Claude initially tried to solve this by switching to using PBKDF2 with 100,000 iterations to derive the key material.

prompt: PDKDF2 with 100000 iterations would be very expensive. This would be important if the input were a low-entropy password, but is not necessary for high-entropy input. Instead of PBKDF2, let’s use a SHA-256 HMAC, with a static HMAC key (which essentially acts as the “salt”).

Claude produced code that used a string “OAUTH_PROVIDER_WRAPPING_KEY_HMAC_v1” as the HMAC key.

prompt: This looks pretty good, but for performance, let’s define WRAPPING_KEY_HMAC_KEY as a 32-byte array, so that it doesn’t have to be encoded or hashed down to the right size (as HMAC would do for larger keys). Here are 32 bytes of hex which I have chosen randomly, to use as the HMAC key: 22 7e 26 86 8d f1 e1 6d 80 70 ea 17 97 5b 47 a6 82 18 fa 87 28 ae de 85 b5 1d 4a d9 96 ca ca 43

(NB: using a hard-coded “key” here is fine: it’s essentially HKDF-Extract with a fixed random salt, which is fine and dandy for this use-case. The security property we’re looking for here is that the two uses are independent random oracles, for which this is a decent design. I would maybe use the same approach for generating the token ID too, with a different salt, but that’s a minor tweak).

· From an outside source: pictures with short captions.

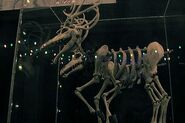 Reindeer close up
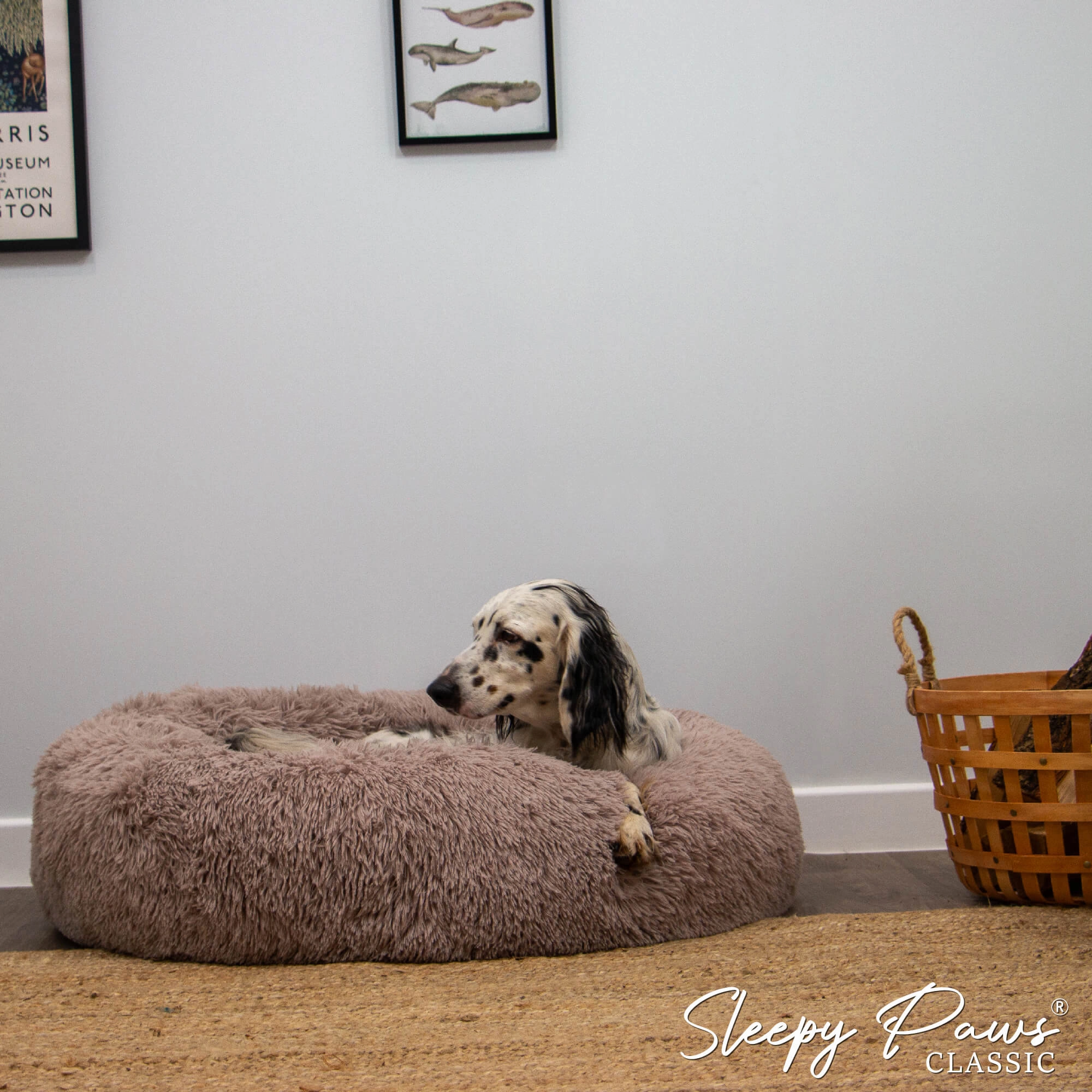 Ancol Super Soft Calming Dog Donut Bed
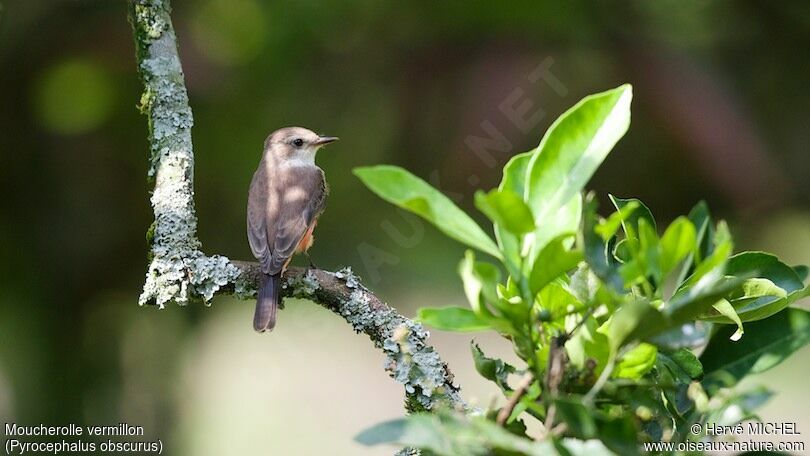 Vermilion Flycatcher female adult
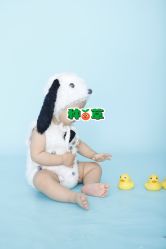 点击看大图 -童影世家儿童摄影(梨园店)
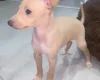 Italian Greyhound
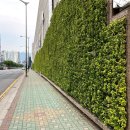 성원칼국수 이미지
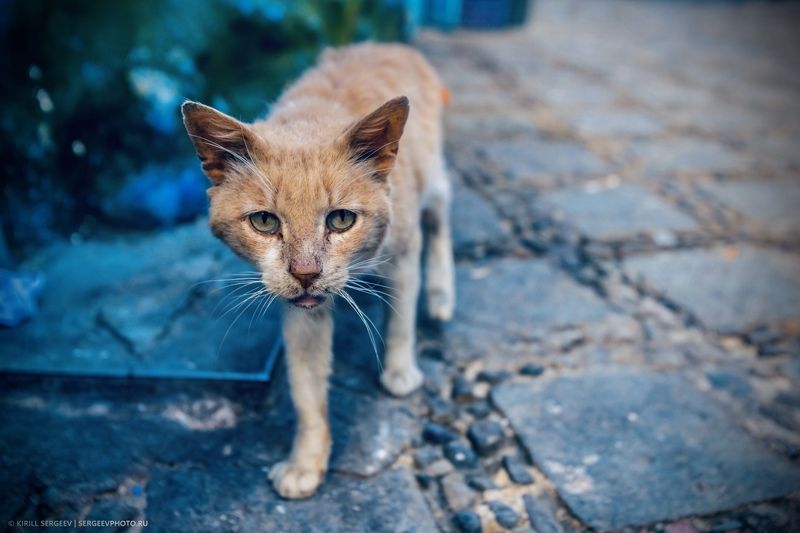 марокко, здания, дома, кот, животное, хищник, город, африка, архитектура, шефшауэн, улицы, северная африка, улица, синий город, уличное фото, morocco, buildings, houses, cat, animal, predator, city, africa, architecture, chefchaouen, street Хвостатые жители Синего города | Tailed residents of the Blue City фото превью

What this interaction shows is how much knowledge you need to bring when you interact with an LLM. The “one big flaw” Claude produced in the middle would probably not have been spotted by someone less experienced with crypto code than this engineer obviously is. And likewise, many people would probably not have questioned the weird choice to move to PBKDF2 as a response: LLMs really do not “reason” in any real way.

Closing Thoughts

As a first cut of an OAuth library, it’s not bad, but I wouldn’t really recommend it for use yet. In my experience, it is very hard to build a correct and secure OAuth provider implementation, and it deserves way more time and attention than has clearly gone into this one (yet). IMO, it’s not an appropriate domain for testing out an LLM. At ForgeRock, we had hundreds of security bugs in our OAuth implementation, and that was despite having 100s of thousands of automated tests run on every commit, threat modelling, top-flight SAST/DAST, and extremely careful security review by experts. The idea that you can get an LLM to knock one up for you is not serious.

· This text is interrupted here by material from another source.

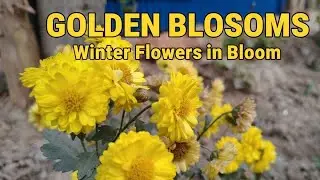 ✨ Beautiful Yellow Chrysanthemum Garden Live | Nature Photography 🌼📸@Kulshum_official  is live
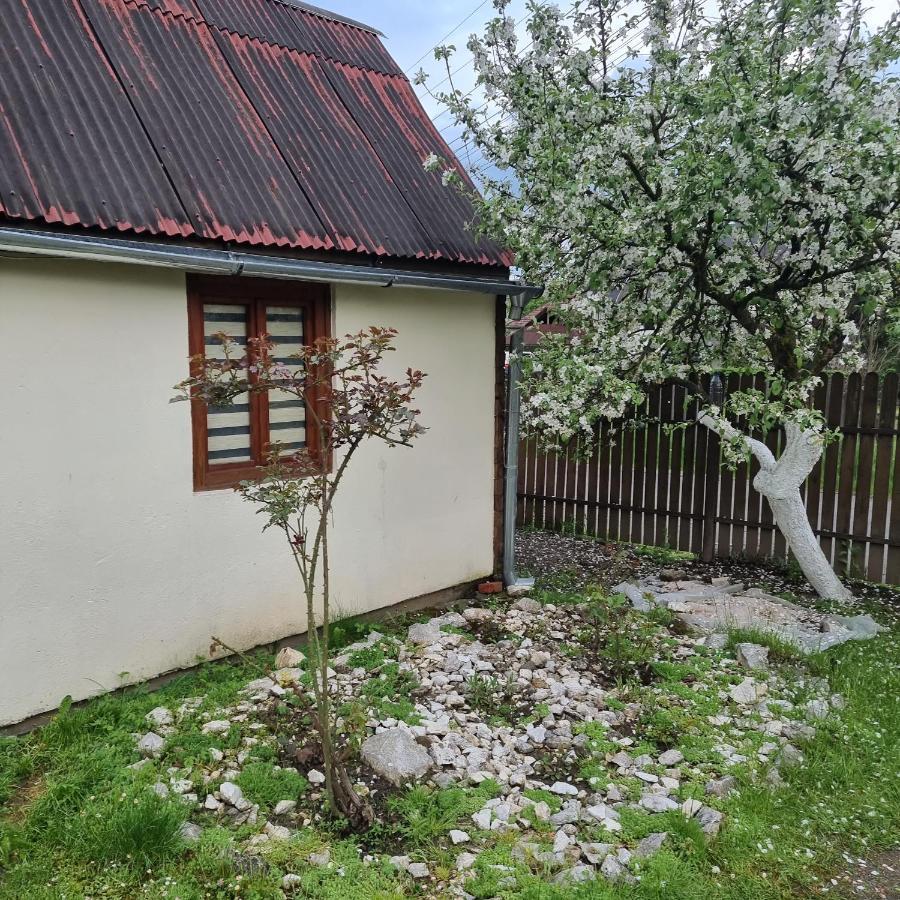 Vila Paula & Spa Совата Екстериор снимка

The commit history of this project is absolutely fascinating. The engineers clearly had a good idea of many aspects of the design, and the LLM was tightly controlled and produced decent code. (LLMs are absolutely good at coding in this manner). But it still tried to do some stupid stuff, some of which were caught by the engineers, some were not. I’m sure some are still in there. Is this worse than if a human had done it? Probably not. Many of these same mistakes can be found in popular Stack Overflow answers, which is probably where Claude learnt them from too. But I know many engineers who would have done a better job, because they are extremely diligent. Code like this needs careful attention. Details matter. Yes, this does come across as a bit “vibe-coded”, despite what the README says, but so does a lot of code I see written by humans. LLM or not, we have to give a shit.

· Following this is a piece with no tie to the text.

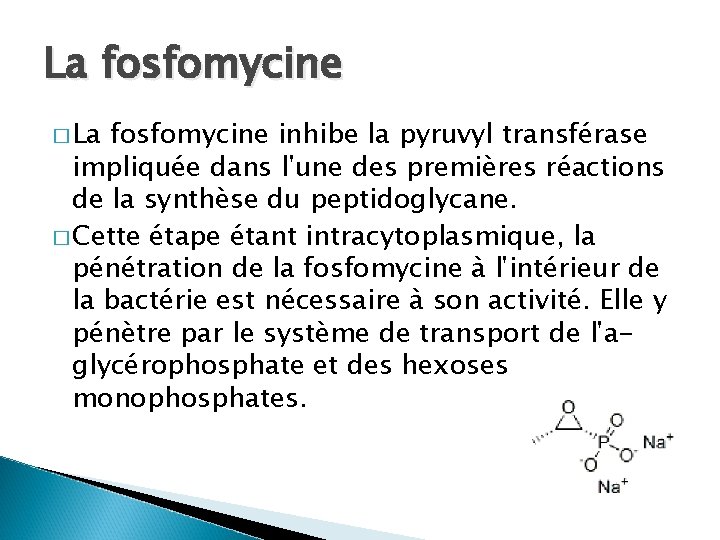 La fosfomycine � La fosfomycine inhibe la pyruvyl transférase impliquée dans l'une des premières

What I am taking away from my experience with LLMs, and from reviewing this project is this: you need to have a clear idea in your head of the kind of code you’re expecting the LLM to produce to be able to judge whether it did a good job. Often, to really know what that looks like, and engage your “System 2” thinking (so you’re not just accepting what’s in front of you as the best way to do things), you need to have built one yourself first. For trivial things where I don’t really care how it’s done, then sure, I’m happy to let an LLM do whatever it likes. But for important things, like my fucking auth system, I’d much rather do it myself and be sure that I really thought about it.